[Requirement]
All of the entries need to be copied character for character.

Short descriptive text snippets:
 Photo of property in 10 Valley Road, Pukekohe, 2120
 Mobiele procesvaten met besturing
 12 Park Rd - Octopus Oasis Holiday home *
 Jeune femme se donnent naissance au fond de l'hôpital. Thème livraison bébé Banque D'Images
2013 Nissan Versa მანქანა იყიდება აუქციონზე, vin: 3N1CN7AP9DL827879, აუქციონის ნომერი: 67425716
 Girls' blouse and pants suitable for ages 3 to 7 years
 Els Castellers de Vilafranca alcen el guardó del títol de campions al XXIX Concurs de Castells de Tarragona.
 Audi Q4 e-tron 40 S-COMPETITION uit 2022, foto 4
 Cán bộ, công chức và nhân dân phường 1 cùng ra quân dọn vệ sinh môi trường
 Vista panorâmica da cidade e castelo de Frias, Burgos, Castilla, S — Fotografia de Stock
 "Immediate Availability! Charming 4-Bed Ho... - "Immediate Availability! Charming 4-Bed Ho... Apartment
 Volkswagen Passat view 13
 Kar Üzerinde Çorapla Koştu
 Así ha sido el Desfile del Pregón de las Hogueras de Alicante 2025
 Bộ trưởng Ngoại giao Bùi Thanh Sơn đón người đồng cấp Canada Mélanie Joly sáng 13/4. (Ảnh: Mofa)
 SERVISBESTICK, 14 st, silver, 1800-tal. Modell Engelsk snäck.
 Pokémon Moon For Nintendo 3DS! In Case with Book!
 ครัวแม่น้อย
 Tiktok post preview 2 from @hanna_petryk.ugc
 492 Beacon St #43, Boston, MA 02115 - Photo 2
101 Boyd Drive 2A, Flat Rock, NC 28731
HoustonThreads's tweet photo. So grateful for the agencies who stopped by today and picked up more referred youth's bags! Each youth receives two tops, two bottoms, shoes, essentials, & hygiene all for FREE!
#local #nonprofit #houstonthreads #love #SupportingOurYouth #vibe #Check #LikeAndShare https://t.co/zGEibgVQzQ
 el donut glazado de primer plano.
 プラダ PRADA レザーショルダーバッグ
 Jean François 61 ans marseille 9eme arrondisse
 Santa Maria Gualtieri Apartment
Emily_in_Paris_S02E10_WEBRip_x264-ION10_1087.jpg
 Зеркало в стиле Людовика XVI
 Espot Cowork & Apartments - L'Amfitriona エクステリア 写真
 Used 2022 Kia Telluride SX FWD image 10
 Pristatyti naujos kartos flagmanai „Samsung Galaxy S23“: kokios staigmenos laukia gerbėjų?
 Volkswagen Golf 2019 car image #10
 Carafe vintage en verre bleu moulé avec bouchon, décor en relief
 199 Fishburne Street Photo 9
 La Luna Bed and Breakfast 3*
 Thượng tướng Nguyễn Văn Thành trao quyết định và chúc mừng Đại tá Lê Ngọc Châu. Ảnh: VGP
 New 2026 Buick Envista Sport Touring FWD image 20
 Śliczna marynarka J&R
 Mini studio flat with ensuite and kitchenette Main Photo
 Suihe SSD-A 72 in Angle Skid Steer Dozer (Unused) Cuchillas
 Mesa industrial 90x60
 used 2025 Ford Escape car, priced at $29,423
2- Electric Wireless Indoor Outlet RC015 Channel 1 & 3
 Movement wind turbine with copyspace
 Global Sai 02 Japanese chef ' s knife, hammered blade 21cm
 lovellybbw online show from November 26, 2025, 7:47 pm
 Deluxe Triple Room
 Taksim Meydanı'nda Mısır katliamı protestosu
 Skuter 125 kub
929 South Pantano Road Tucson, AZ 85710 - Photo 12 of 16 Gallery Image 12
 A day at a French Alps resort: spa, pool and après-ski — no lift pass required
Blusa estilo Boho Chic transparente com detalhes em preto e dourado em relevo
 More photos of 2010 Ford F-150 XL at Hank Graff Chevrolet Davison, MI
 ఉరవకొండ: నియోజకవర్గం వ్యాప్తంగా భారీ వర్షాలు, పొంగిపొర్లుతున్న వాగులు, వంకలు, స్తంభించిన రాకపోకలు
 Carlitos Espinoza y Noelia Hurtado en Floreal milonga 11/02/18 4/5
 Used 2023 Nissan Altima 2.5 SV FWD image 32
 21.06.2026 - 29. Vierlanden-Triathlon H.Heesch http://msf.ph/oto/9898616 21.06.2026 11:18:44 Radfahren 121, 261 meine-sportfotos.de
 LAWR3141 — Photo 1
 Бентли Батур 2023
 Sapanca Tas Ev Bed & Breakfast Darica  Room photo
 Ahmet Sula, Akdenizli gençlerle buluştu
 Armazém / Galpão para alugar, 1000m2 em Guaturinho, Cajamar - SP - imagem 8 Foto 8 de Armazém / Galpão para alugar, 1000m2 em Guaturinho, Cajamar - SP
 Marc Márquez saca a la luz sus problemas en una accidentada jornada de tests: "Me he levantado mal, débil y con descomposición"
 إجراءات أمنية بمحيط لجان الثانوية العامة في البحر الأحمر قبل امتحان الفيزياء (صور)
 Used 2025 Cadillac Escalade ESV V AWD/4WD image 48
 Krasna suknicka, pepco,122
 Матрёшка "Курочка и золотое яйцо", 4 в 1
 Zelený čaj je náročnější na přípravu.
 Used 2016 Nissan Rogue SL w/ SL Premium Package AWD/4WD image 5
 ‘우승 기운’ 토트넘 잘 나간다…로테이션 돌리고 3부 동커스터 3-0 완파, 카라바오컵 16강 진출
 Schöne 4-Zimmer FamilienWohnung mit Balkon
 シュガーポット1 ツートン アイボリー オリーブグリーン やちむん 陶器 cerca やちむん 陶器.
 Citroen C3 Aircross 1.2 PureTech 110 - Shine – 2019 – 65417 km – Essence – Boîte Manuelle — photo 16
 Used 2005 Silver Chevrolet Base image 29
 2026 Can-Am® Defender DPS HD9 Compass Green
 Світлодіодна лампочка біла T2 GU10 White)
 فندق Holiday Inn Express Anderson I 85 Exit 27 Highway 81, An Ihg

[Solution to this task]
 Photo of property in 10 Valley Road, Pukekohe, 2120
 Mobiele procesvaten met besturing
 12 Park Rd - Octopus Oasis Holiday home *
 Jeune femme se donnent naissance au fond de l'hôpital. Thème livraison bébé Banque D'Images
2013 Nissan Versa მანქანა იყიდება აუქციონზე, vin: 3N1CN7AP9DL827879, აუქციონის ნომერი: 67425716
 Girls' blouse and pants suitable for ages 3 to 7 years
 Els Castellers de Vilafranca alcen el guardó del títol de campions al XXIX Concurs de Castells de Tarragona.
 Audi Q4 e-tron 40 S-COMPETITION uit 2022, foto 4
 Cán bộ, công chức và nhân dân phường 1 cùng ra quân dọn vệ sinh môi trường
 Vista panorâmica da cidade e castelo de Frias, Burgos, Castilla, S — Fotografia de Stock
 "Immediate Availability! Charming 4-Bed Ho... - "Immediate Availability! Charming 4-Bed Ho... Apartment
 Volkswagen Passat view 13
 Kar Üzerinde Çorapla Koştu
 Así ha sido el Desfile del Pregón de las Hogueras de Alicante 2025
 Bộ trưởng Ngoại giao Bùi Thanh Sơn đón người đồng cấp Canada Mélanie Joly sáng 13/4. (Ảnh: Mofa)
 SERVISBESTICK, 14 st, silver, 1800-tal. Modell Engelsk snäck.
 Pokémon Moon For Nintendo 3DS! In Case with Book!
 ครัวแม่น้อย
 Tiktok post preview 2 from @hanna_petryk.ugc
 492 Beacon St #43, Boston, MA 02115 - Photo 2
101 Boyd Drive 2A, Flat Rock, NC 28731
HoustonThreads's tweet photo. So grateful for the agencies who stopped by today and picked up more referred youth's bags! Each youth receives two tops, two bottoms, shoes, essentials, & hygiene all for FREE!
#local #nonprofit #houstonthreads #love #SupportingOurYouth #vibe #Check #LikeAndShare https://t.co/zGEibgVQzQ
 el donut glazado de primer plano.
 プラダ PRADA レザーショルダーバッグ
 Jean François 61 ans marseille 9eme arrondisse
 Santa Maria Gualtieri Apartment
Emily_in_Paris_S02E10_WEBRip_x264-ION10_1087.jpg
 Зеркало в стиле Людовика XVI
 Espot Cowork & Apartments - L'Amfitriona エクステリア 写真
 Used 2022 Kia Telluride SX FWD image 10
 Pristatyti naujos kartos flagmanai „Samsung Galaxy S23“: kokios staigmenos laukia gerbėjų?
 Volkswagen Golf 2019 car image #10
 Carafe vintage en verre bleu moulé avec bouchon, décor en relief
 199 Fishburne Street Photo 9
 La Luna Bed and Breakfast 3*
 Thượng tướng Nguyễn Văn Thành trao quyết định và chúc mừng Đại tá Lê Ngọc Châu. Ảnh: VGP
 New 2026 Buick Envista Sport Touring FWD image 20
 Śliczna marynarka J&R
 Mini studio flat with ensuite and kitchenette Main Photo
 Suihe SSD-A 72 in Angle Skid Steer Dozer (Unused) Cuchillas
 Mesa industrial 90x60
 used 2025 Ford Escape car, priced at $29,423
2- Electric Wireless Indoor Outlet RC015 Channel 1 & 3
 Movement wind turbine with copyspace
 Global Sai 02 Japanese chef ' s knife, hammered blade 21cm
 lovellybbw online show from November 26, 2025, 7:47 pm
 Deluxe Triple Room
 Taksim Meydanı'nda Mısır katliamı protestosu
 Skuter 125 kub
929 South Pantano Road Tucson, AZ 85710 - Photo 12 of 16 Gallery Image 12
 A day at a French Alps resort: spa, pool and après-ski — no lift pass required
Blusa estilo Boho Chic transparente com detalhes em preto e dourado em relevo
 More photos of 2010 Ford F-150 XL at Hank Graff Chevrolet Davison, MI
 ఉరవకొండ: నియోజకవర్గం వ్యాప్తంగా భారీ వర్షాలు, పొంగిపొర్లుతున్న వాగులు, వంకలు, స్తంభించిన రాకపోకలు
 Carlitos Espinoza y Noelia Hurtado en Floreal milonga 11/02/18 4/5
 Used 2023 Nissan Altima 2.5 SV FWD image 32
 21.06.2026 - 29. Vierlanden-Triathlon H.Heesch http://msf.ph/oto/9898616 21.06.2026 11:18:44 Radfahren 121, 261 meine-sportfotos.de
 LAWR3141 — Photo 1
 Бентли Батур 2023
 Sapanca Tas Ev Bed & Breakfast Darica  Room photo
 Ahmet Sula, Akdenizli gençlerle buluştu
 Armazém / Galpão para alugar, 1000m2 em Guaturinho, Cajamar - SP - imagem 8 Foto 8 de Armazém / Galpão para alugar, 1000m2 em Guaturinho, Cajamar - SP
 Marc Márquez saca a la luz sus problemas en una accidentada jornada de tests: "Me he levantado mal, débil y con descomposición"
 إجراءات أمنية بمحيط لجان الثانوية العامة في البحر الأحمر قبل امتحان الفيزياء (صور)
 Used 2025 Cadillac Escalade ESV V AWD/4WD image 48
 Krasna suknicka, pepco,122
 Матрёшка "Курочка и золотое яйцо", 4 в 1
 Zelený čaj je náročnější na přípravu.
 Used 2016 Nissan Rogue SL w/ SL Premium Package AWD/4WD image 5
 ‘우승 기운’ 토트넘 잘 나간다…로테이션 돌리고 3부 동커스터 3-0 완파, 카라바오컵 16강 진출
 Schöne 4-Zimmer FamilienWohnung mit Balkon
 シュガーポット1 ツートン アイボリー オリーブグリーン やちむん 陶器 cerca やちむん 陶器.
 Citroen C3 Aircross 1.2 PureTech 110 - Shine – 2019 – 65417 km – Essence – Boîte Manuelle — photo 16
 Used 2005 Silver Chevrolet Base image 29
 2026 Can-Am® Defender DPS HD9 Compass Green
 Світлодіодна лампочка біла T2 GU10 White)
 فندق Holiday Inn Express Anderson I 85 Exit 27 Highway 81, An Ihg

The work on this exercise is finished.